SMRs and AMRs

Sunday, December 14, 2008

Bush is no Truman

President Harry Truman with Secretary of State George Marshall in 1947. (Hulton Archive/Getty Images)

Timothy Gay
Boston Globe

THE PRESIDENT was so down in the dumps that aides decided to surprise him with a party. With the economy sputtering and his foreign policy under siege, the president's pals thought a light-hearted evening away from the White House would buoy the boss's spirits.

Cabinet officers and cronies took turns toasting the chief executive, their playful gibes drawing cathartic laughter. Finally, the administration's gray eminence, the architect of its national security structure, rose to speak. The old warrior was as feared as he was admired. Chatter came to an abrupt halt.

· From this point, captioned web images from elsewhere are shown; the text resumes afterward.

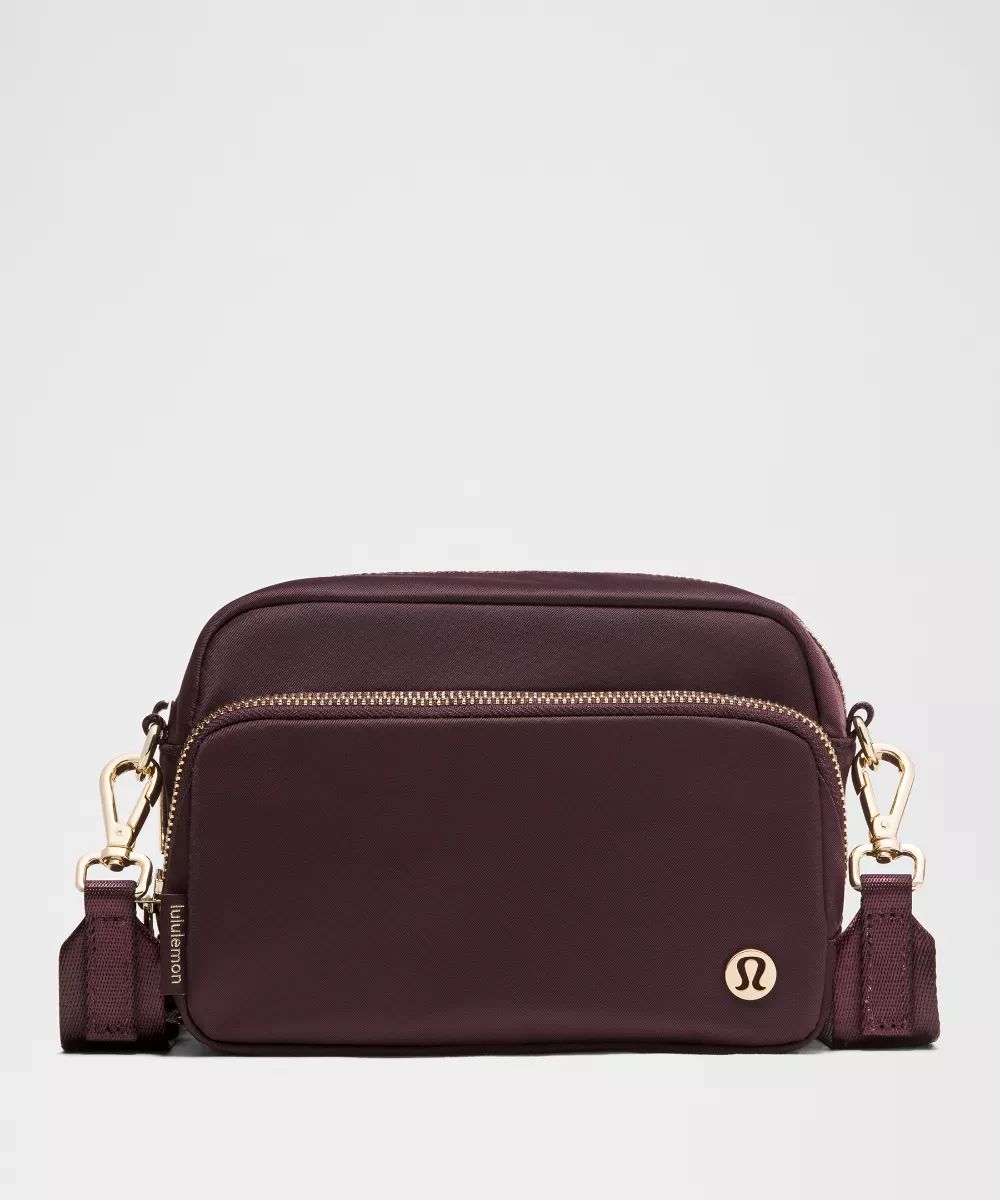 LULULEMON CROSSBODY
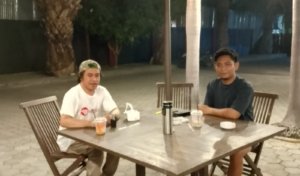 Haji Akbar dan Target Besar PAN, Wajah Baru yang Mengusik Petahana di DPRD Morut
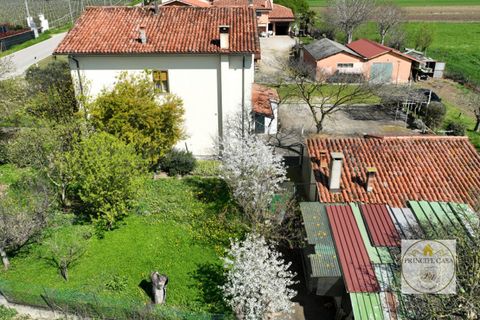 Villa i Stanghella, Padua, Stanghella - € 150.000 | Ref: S503 - foto 32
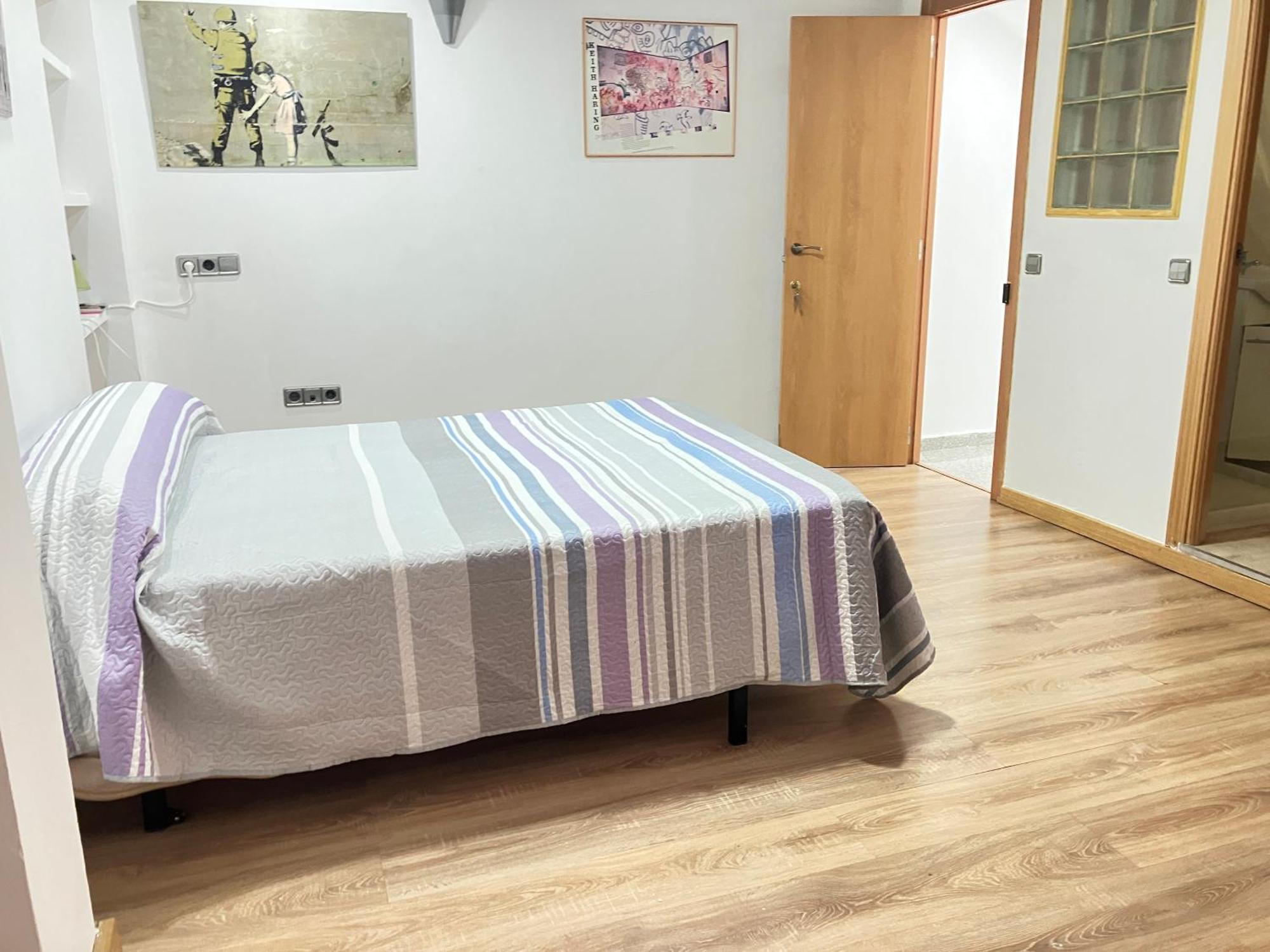 Apartment Space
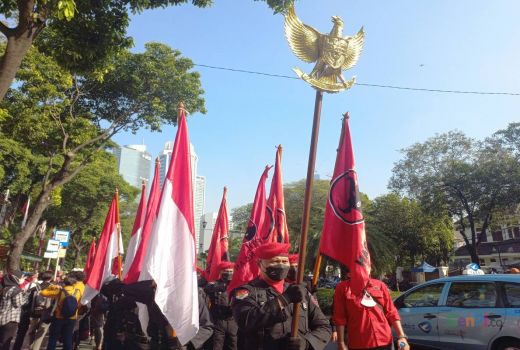PDIP Tetap Monitor Koalisi Pilpres 2024, Kata Pengamat - GenPI.co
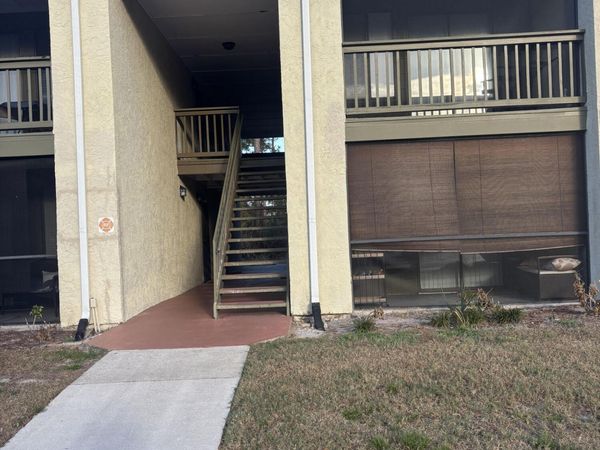 3595 Sable Palm Lane , Unit J, Titusville, FL 32780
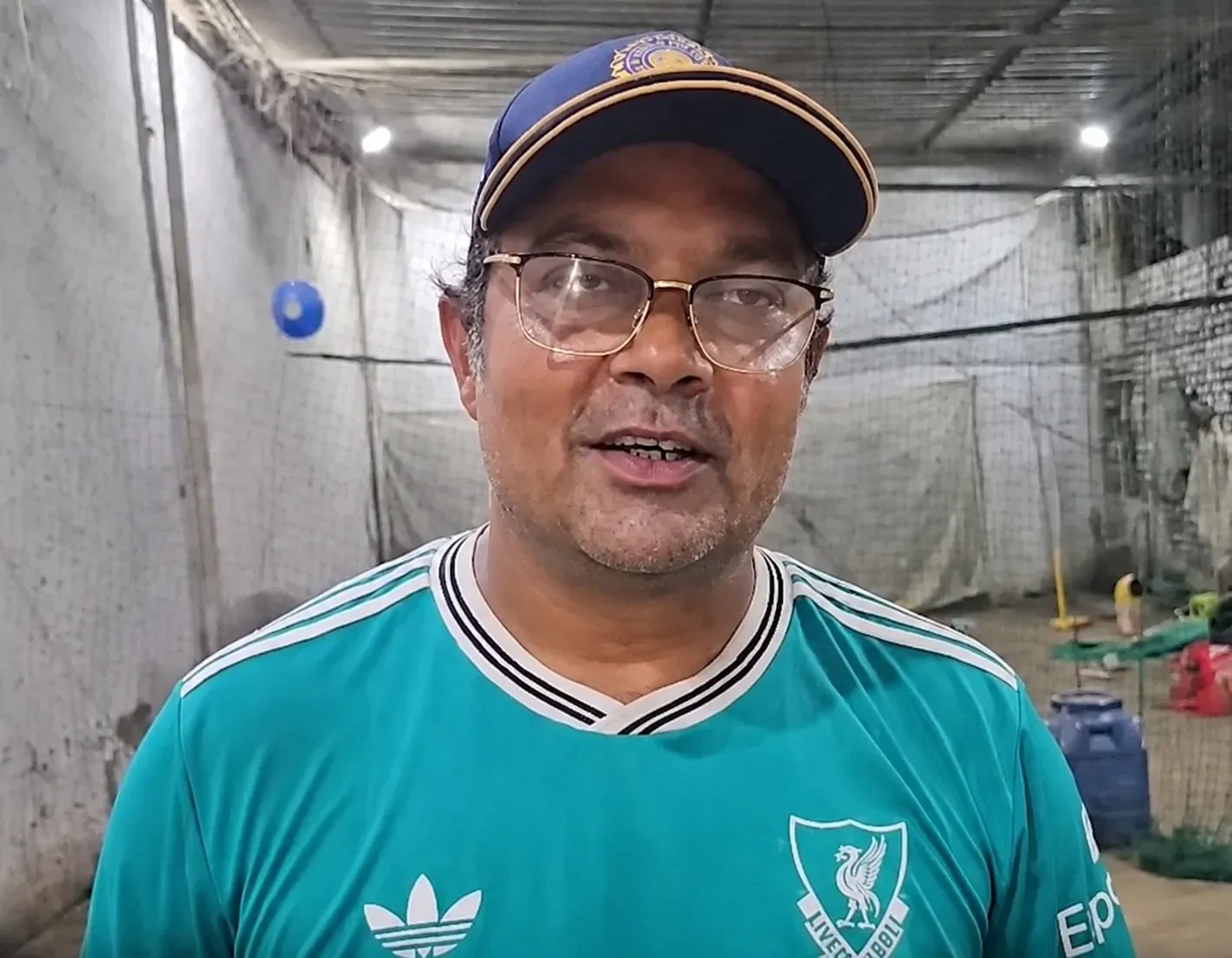 वैभव सूर्यवंशी का T20 डेब्यू: कोच मनीष ओझा बोले — 'वह लंबे समय तक भारत के लिए खेलेंगे'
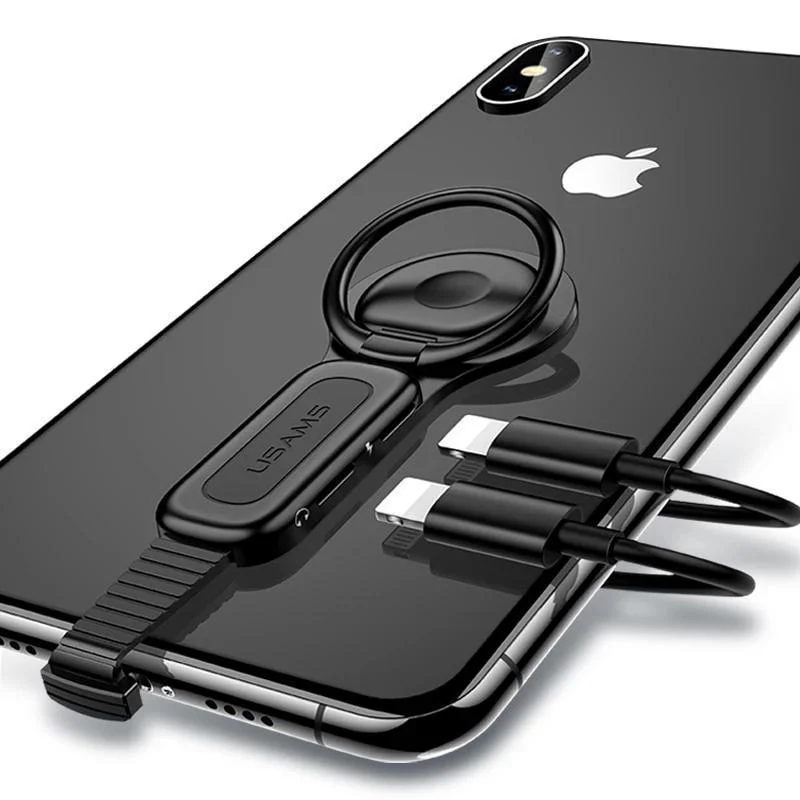 4-IN-1 DUAL FAST CHARGING ADAPTER - Image 3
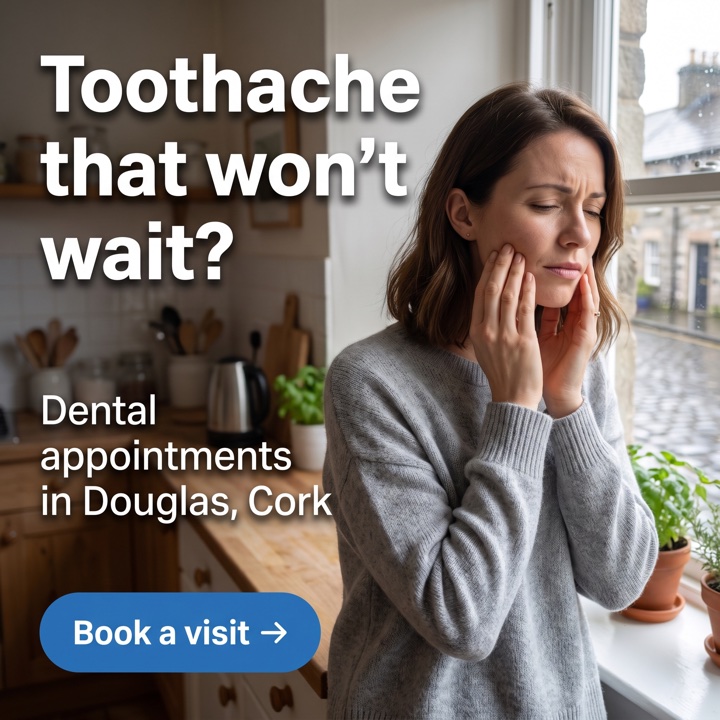 Static ad example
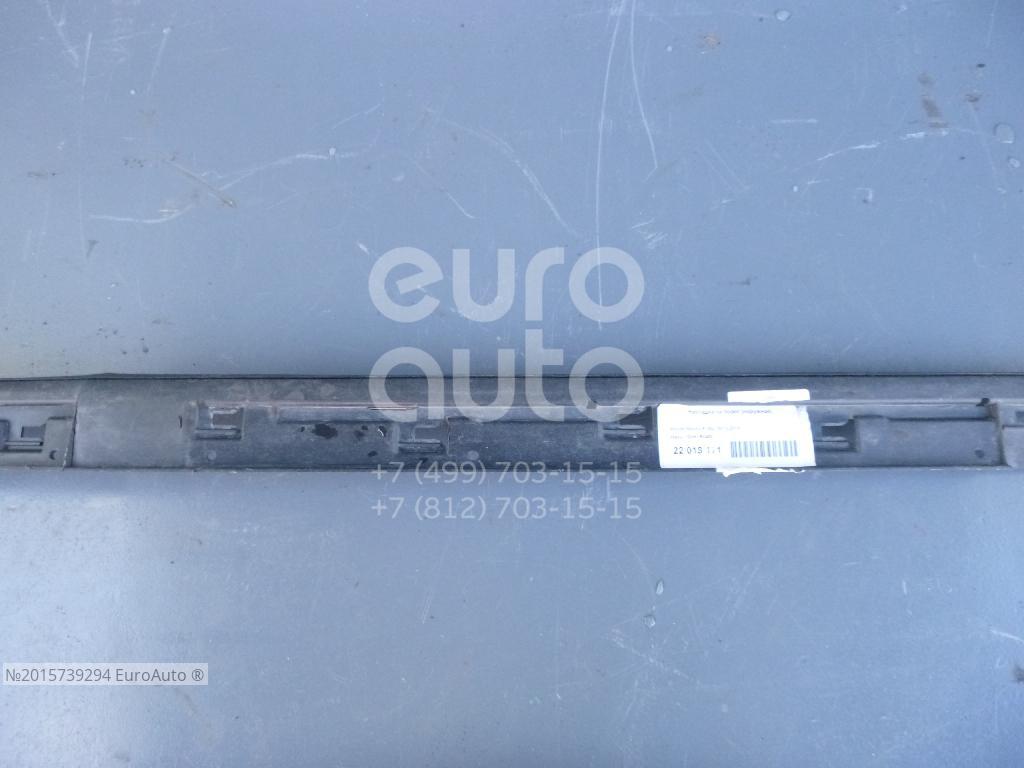 Nakladka Na Porog Naruzhnaya Mazda Ghk1 50 480 Dlya Mazda Mazda 6 Gj Gl 13 V Moskve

"The full stature of this [president] will only be proven by history," he said, "but I want to say here and now that there has never been a decision made under this man's administration, affecting policies beyond our shores, which has not been in the best interest of this country. It is not the courage of these decisions that will live, but the integrity of the man."

Guests were stifling tears as the president stood to respond. But words wouldn't come; he was too moved.

In the sweetest fantasies of today's Republicans, George W. Bush and Dick Cheney would be the stars of this scenario. Alas, the president to whom the poignant toast was directed was Democrat Harry Truman. And as documented by David McCullough's "Truman," the encomium was delivered by Truman's secretary of state (and later defense) George Marshall.